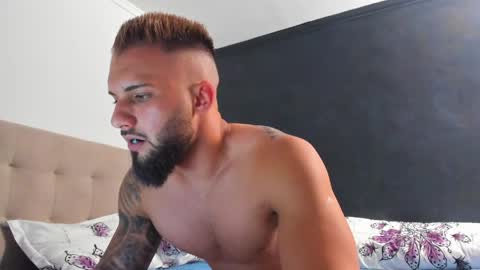 Snapshot of kevin_muscle1 chatting on May 5, 2026, 4:04 pm Kevin online show from May 5, 2026, 4:04 pm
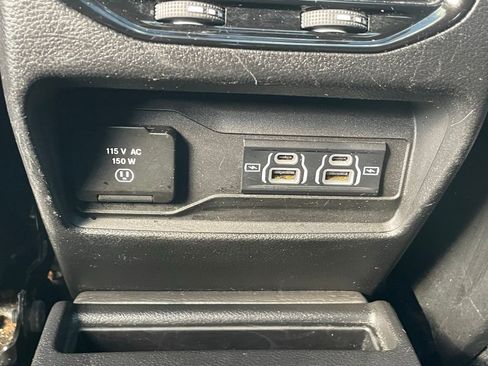 Certified 2022 Jeep Grand Cherokee L Limited image 27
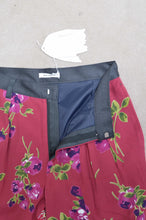 画像をギャラリービューアに読み込む, FLARED FLORAL PT 01 / ASS_B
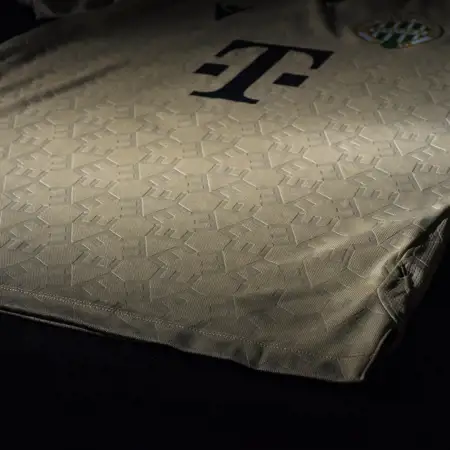 Dit zijn de Ferencvaros voetbalshirts 2024-2025 van Macron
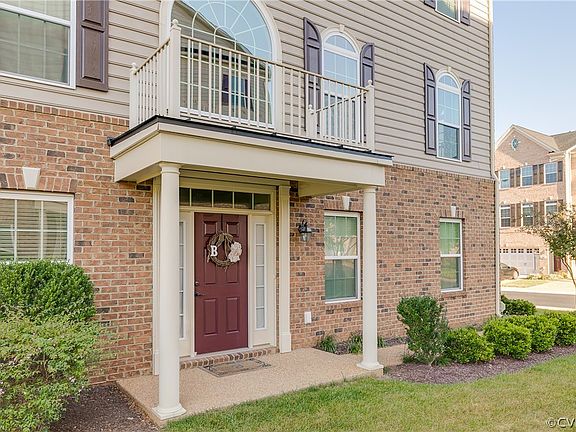 2nd image of 529 Siena Ln Unit 529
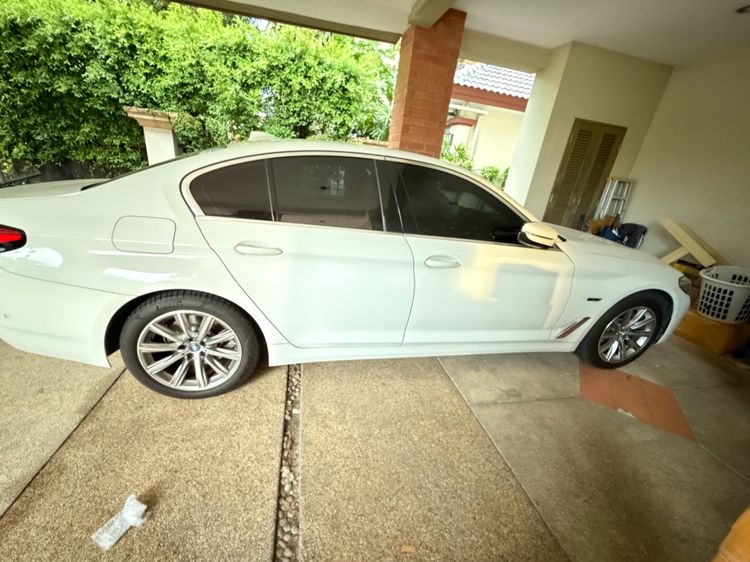 BMW Series 5 2023 530e Sedan เบนซิน ไม่ติดแก๊ส เกียร์อัตโนมัติ ขาว รูปที่ 4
-=-=-
■ **Problem**
Please set down only the lines from the first line of the records above through the line that has "2nd image of 529 Siena Ln Unit 529", exactly, and not the pictures.

■ **Solved exercise**
 Snapshot of kevin_muscle1 chatting on May 5, 2026, 4:04 pm Kevin online show from May 5, 2026, 4:04 pm
 Certified 2022 Jeep Grand Cherokee L Limited image 27
 画像をギャラリービューアに読み込む, FLARED FLORAL PT 01 / ASS_B
 Dit zijn de Ferencvaros voetbalshirts 2024-2025 van Macron
 2nd image of 529 Siena Ln Unit 529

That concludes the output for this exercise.